This patch removes the DenseMap for keeping track of FMA3 grouping information avoiding the startup cost of populating the map and the associated memory usage.
Three new bits are added to the instruction TSFlags for keeping track of the form(132, 213, 231) and whether it is a scalar instrinsic instruction.
The 3 different forms of each instruction are combined into groups similar to the current code. But each of the groups are stored into static tables. Each table is sorted by the opcode of each form. Since opcodes encodings are assigned alphabetically and each form is named the same except for the 132, 213, or 231, when one form is sorted the other two forms are sorted. With the tables sorted, we can find the group for a given opcode by getting the form from the TSFlags and doing a binary search through the appropriate column of the table.
There are 6 tables, split by the evex.b bit, memory/register, and masked/unmasked. The two evex.b tables contain masked and unmasked together. The masked/unmasked split for non evex.b makes it easy to populate the load folding tables. The instructions that use evex.b cannot be folded. For the tables without evex.b the register tables are the same size as their equivalent memory table and the opcodes are in the same order. Converting from register form to memory form is as simple as finding the row in one table and looking up the same row in the opposite table. Determining which table an opcode is in can be determined from other TSFlags bits.

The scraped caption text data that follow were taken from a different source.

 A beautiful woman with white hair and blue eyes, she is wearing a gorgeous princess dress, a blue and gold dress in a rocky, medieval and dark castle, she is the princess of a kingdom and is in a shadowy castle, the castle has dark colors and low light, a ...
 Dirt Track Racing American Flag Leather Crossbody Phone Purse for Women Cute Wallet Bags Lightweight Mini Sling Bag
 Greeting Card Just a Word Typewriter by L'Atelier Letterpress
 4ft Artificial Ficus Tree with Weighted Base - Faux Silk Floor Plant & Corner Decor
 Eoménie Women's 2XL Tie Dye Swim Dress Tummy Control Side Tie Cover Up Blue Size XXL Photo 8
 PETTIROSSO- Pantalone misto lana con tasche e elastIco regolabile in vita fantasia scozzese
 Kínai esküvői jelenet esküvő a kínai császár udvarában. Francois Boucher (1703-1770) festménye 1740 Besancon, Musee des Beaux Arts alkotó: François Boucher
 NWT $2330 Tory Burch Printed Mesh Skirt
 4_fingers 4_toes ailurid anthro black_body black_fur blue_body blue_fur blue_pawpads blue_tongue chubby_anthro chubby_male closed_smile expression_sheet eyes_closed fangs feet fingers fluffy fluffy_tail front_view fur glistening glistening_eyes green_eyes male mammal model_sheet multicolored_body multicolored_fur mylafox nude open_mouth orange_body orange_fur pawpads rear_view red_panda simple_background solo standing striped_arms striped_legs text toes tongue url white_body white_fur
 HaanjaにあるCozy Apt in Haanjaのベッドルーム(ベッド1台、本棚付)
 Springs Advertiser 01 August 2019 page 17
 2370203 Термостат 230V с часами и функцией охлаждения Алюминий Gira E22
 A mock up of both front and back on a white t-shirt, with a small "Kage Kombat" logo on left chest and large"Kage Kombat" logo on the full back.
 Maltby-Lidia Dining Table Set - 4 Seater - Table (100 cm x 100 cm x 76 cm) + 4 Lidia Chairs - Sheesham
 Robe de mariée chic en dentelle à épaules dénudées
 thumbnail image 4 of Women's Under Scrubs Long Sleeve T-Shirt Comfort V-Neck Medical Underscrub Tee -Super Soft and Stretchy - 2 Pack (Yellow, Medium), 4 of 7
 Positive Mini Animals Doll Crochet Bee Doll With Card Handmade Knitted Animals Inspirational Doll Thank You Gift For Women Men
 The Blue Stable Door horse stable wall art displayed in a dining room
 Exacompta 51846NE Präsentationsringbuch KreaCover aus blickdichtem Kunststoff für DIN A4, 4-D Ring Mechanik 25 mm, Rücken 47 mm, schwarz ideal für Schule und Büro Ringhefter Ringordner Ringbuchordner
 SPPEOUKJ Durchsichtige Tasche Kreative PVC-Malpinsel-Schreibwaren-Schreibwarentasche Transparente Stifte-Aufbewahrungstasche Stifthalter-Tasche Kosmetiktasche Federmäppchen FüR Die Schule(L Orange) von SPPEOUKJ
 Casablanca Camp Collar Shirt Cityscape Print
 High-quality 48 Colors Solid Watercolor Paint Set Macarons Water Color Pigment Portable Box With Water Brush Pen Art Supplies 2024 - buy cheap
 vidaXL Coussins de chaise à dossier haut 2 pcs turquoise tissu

Currently the getFMA3Group function is a private function in X86InstrInfo.cpp, but could be made a static function in the X86InstrInfo class if it becomes needed outside this file.
The load folding table creation as well as the commuting code has been updated to use the new interface. The commuting code makes use of new and existing TSFlags to determine additional information about the opcodes beyond which group they are in.